Delivery Bots Are Coming
The age of the robot is fast upon us. Gone are the days of watching a Terminator film and dreaming of robots running the world. Gone even are the days of wishing for a robotic maid to whip through your home top to bottom and render it spic and span. Delivery bots are here.
An Estonian design firm has promised such bots hitting the streets of London by year’s end. And in a period where everything from delivery drones to autonomous cars are being trial tested, it’s become increasingly clear we’re not in the Industrial Age anymore.

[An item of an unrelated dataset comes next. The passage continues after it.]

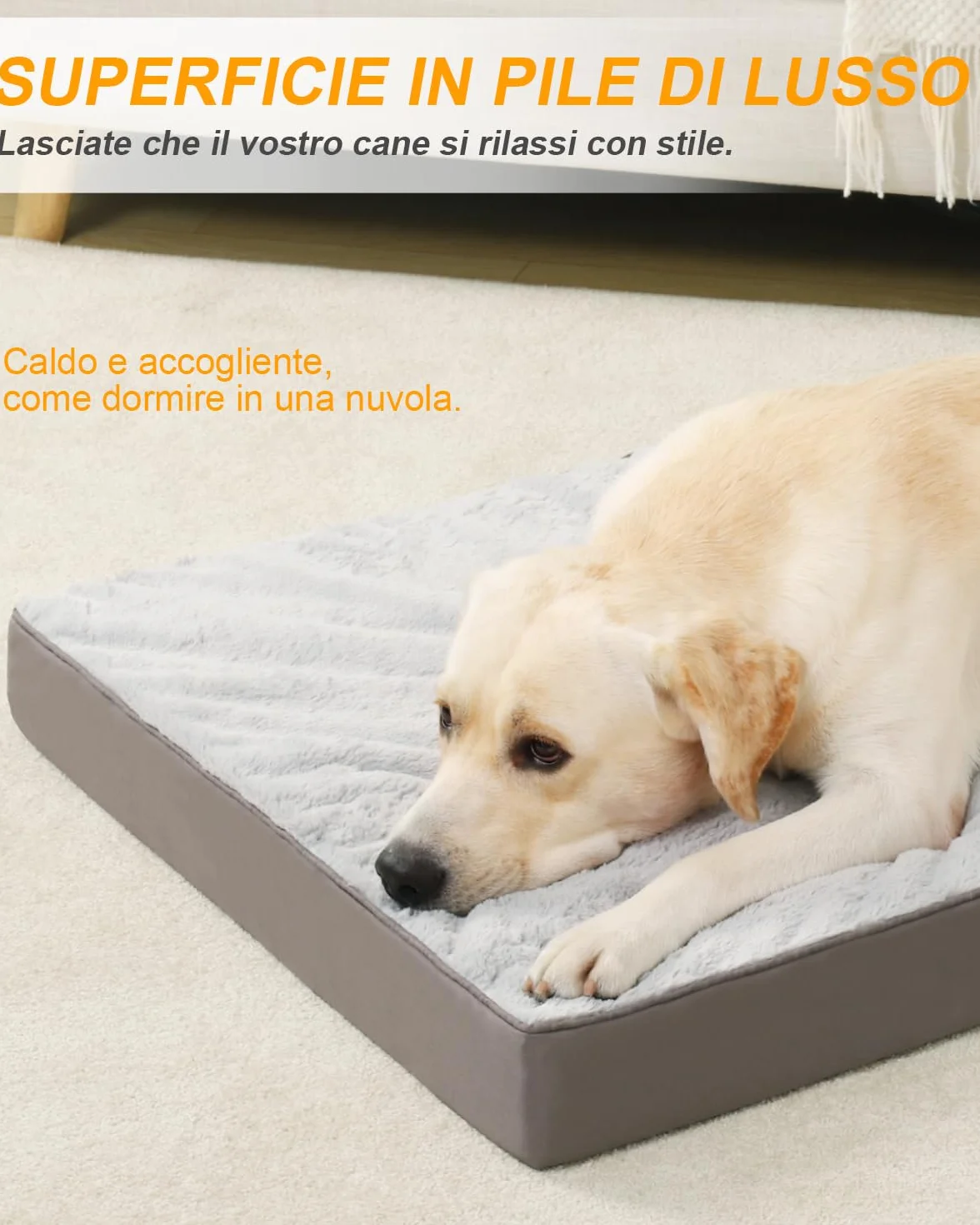 KSIIA Cuccia Cane Interno Taglia Grande XL Ortopedico Cuscino Sfoderabile Lavabile Impermeabile Letto per Cani Grigio 105x70x9cm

Starship Technologies (kudos for a title that sounds like a sci-fi film) endeavors to have bots on the streets of London by the close of the fiscal year. The startup is the brainchild of former Skype co-founders Ahti Heinla and Dane Jaanus Friis. And the pair has made it their mission to make getting your groceries and parcel delivery much more hassle free.

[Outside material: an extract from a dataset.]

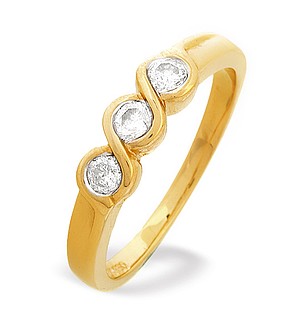 18K White Gold 3 Stone Diamond Twist Design Ring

The bots run on batteries and will navigate up to a3-milee radius. They weigh roughly 40 pounds and generate virtually no carbon emissions. So with an almost non-existent carbon footprint to boot, the bots seem to be yet another winning entrepreneurial idea for the two Skype alum.
CEO Ahti Heinla says, “We want to do to local deliveries what Skype did to telecommunications.”

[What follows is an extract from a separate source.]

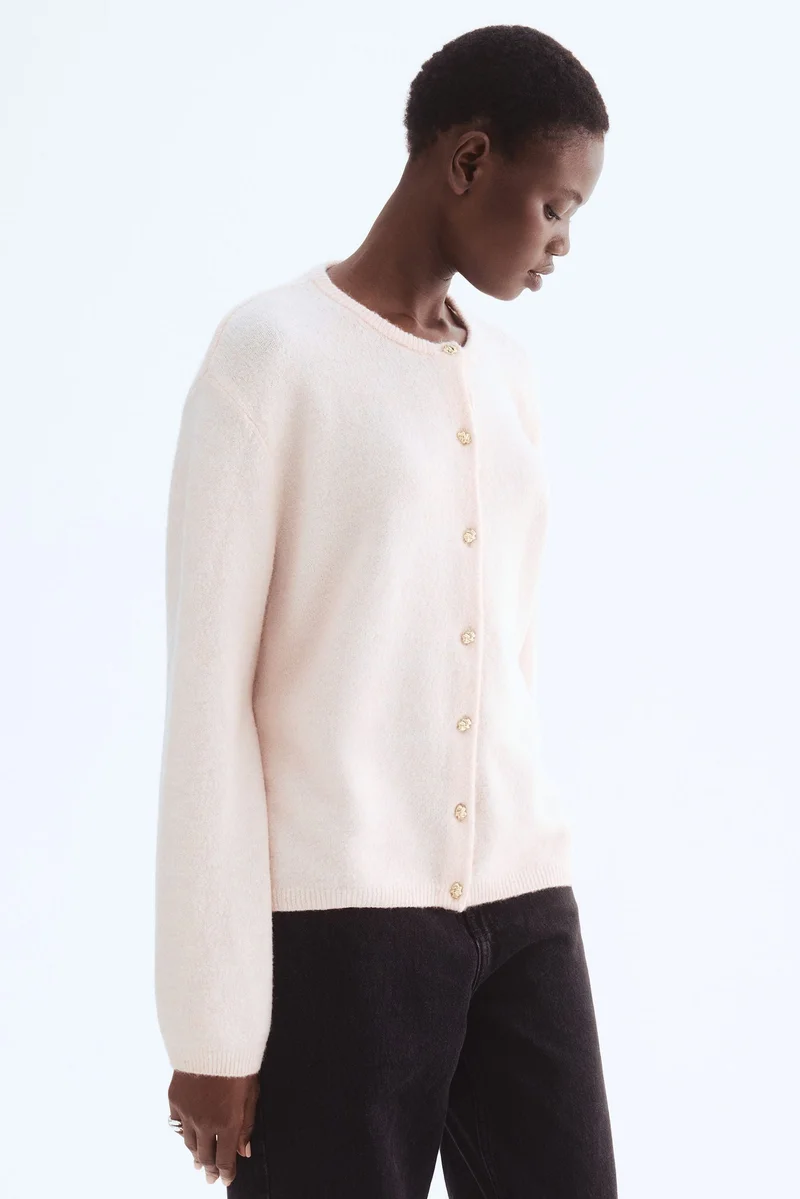 اتش اند ام كارديغان من الصوف المحبوك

We are already experiencing a wave of delivery services testing the limits of drone technology. But here’s an option straight out of an episode of the Jetsons. The robots that run on land will be functional by the close of the year for full-on testing in London proper. Imagine bobbly bots conjured much in the style of Star Wars’ BB-8. Except these digital creatures whip from point A to Point B on wheels, not some space age tech concocted in a galaxy far, far away.
Just what can you order? Anything from groceries to small packages. Yet in terms of practicality there are a number of questions worth answering. How will these delivery bots handle the obstacles of an unpredictable urban terrain? Will there be routes expressly reserved for delivery bots? And of course the elephant in the room with just this sort of tech is the question of national security. How do we guard against acts of terrorism guised in the form of a delivery bot?
For the moment, laws are vague. And customers benefit from a gray zone feeling out period when it comes to such tech. Should you hop to London this fall perhaps you’ll get a chance to have your Marks & Spencers groceries whipped over to you by little bots.